#### ABOUT THIS EXERCISE
Write down the listing again exactly as it appears below, without its pictures.

#### DATA BELOW
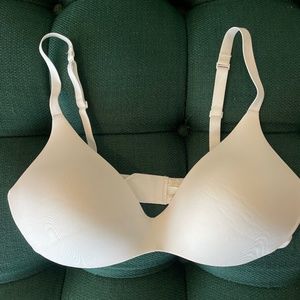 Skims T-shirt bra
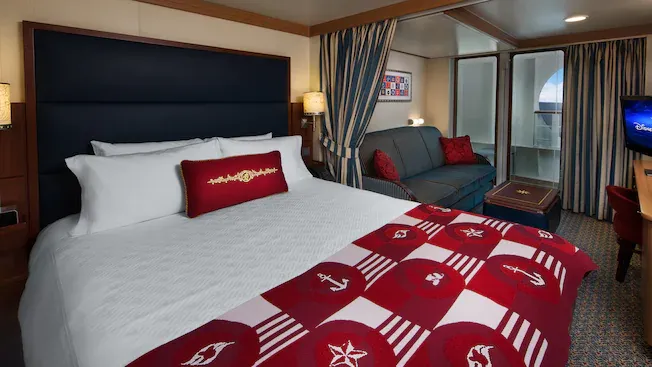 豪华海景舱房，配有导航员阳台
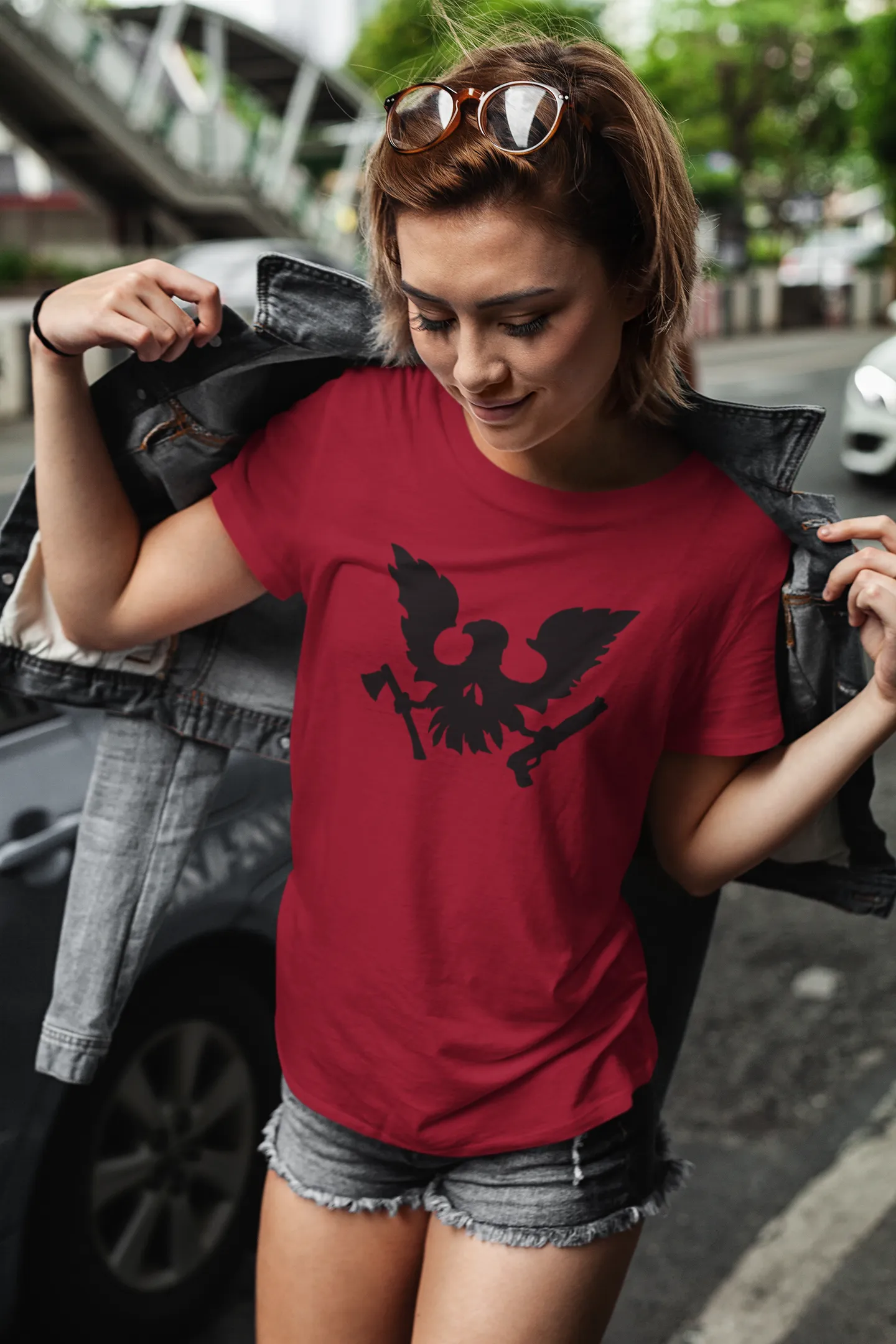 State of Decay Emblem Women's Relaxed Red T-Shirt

#### RESPONSE AREA
 Skims T-shirt bra
 豪华海景舱房，配有导航员阳台
 State of Decay Emblem Women's Relaxed Red T-Shirt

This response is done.